Côte d’Ivoire : la société civile exige une refonte totale de la commission électorale et un dialogue politique inclusif
La question de la réforme du système électoral en Côte d’Ivoire s’impose avec urgence après la dissolution de la Commission électorale indépendante (CEI). Le 14 mai 2026, la Plateforme des 37 organisations, ONG, associations et mouvements de la société civile ivoirienne (PEC-CI) a tiré la sonnette d’alarme lors d’une conférence de presse organisée à Abidjan. Les acteurs de la société civile y ont présenté un diagnostic sans concession et formulé des propositions audacieuses pour redonner confiance aux Ivoiriens.
À travers son président, Ebrin Yao Rémi, la PEC-CI a plaidé pour l’ouverture d’un dialogue politique direct et élargi avec les principaux leaders de l’opposition, dont Laurent Gbagbo et Tidjane Thiam. Pour la plateforme, cette démarche est indispensable pour apaiser les tensions et poser les bases d’un consensus autour de l’organisation des prochains scrutins. « L’intérêt général doit primer », a-t-il souligné, alors que le pays reste marqué par des divisions persistantes sur la gestion des élections.

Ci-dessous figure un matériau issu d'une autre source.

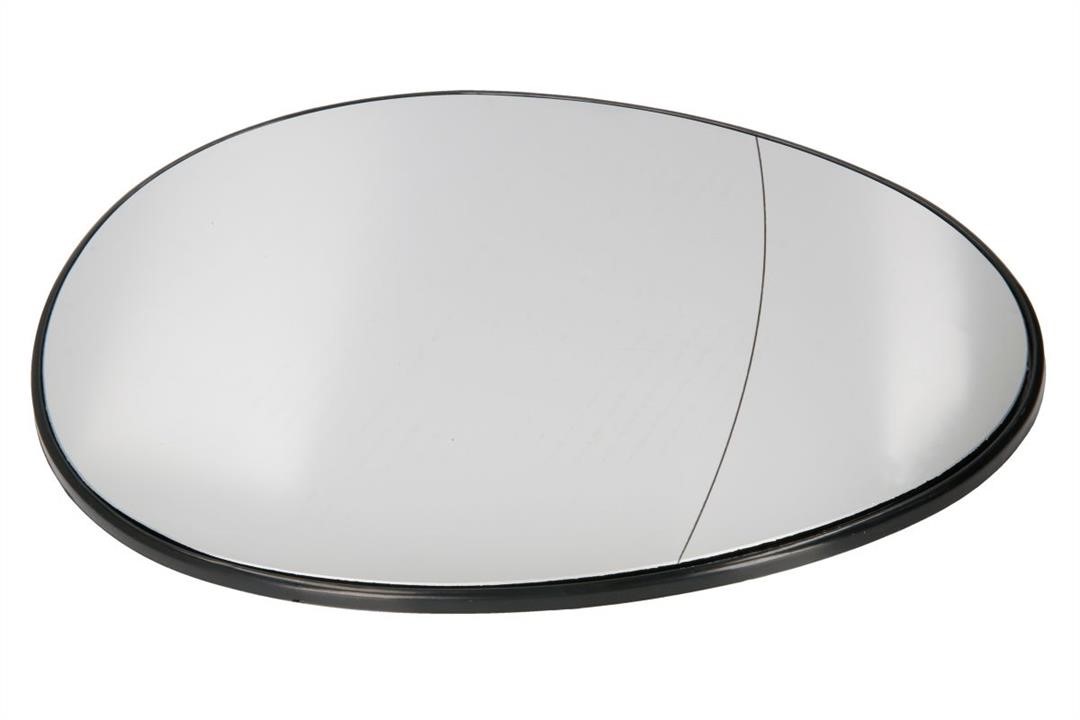 Buy Blic 6102-02-1272937P at a low price in United Arab Emirates!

Une refonte totale du système électoral
Sur le plan institutionnel, la PEC-CI propose une réforme en profondeur du cadre électoral. Elle recommande de confier l’organisation des élections à une nouvelle institution, exclusivement composée de membres de la société civile. Cette structure, indépendante des partis politiques, serait sélectionnée via un processus transparent basé sur un appel à candidatures ouvert. L’objectif ? Garantir la compétence, l’impartialité et la crédibilité des futurs responsables électoraux.
La plateforme insiste également sur l’autonomie financière de cette future entité. Elle suggère que son budget, voté par l’Assemblée nationale, soit entièrement dédié à son fonctionnement, afin de renforcer son indépendance vis-à-vis des pressions politiques. Cette proposition intervient dans un contexte où la méfiance envers les institutions électorales n’a cessé de croître, alimentée par des violences lors des scrutins passés, des contestations des résultats et des pertes humaines.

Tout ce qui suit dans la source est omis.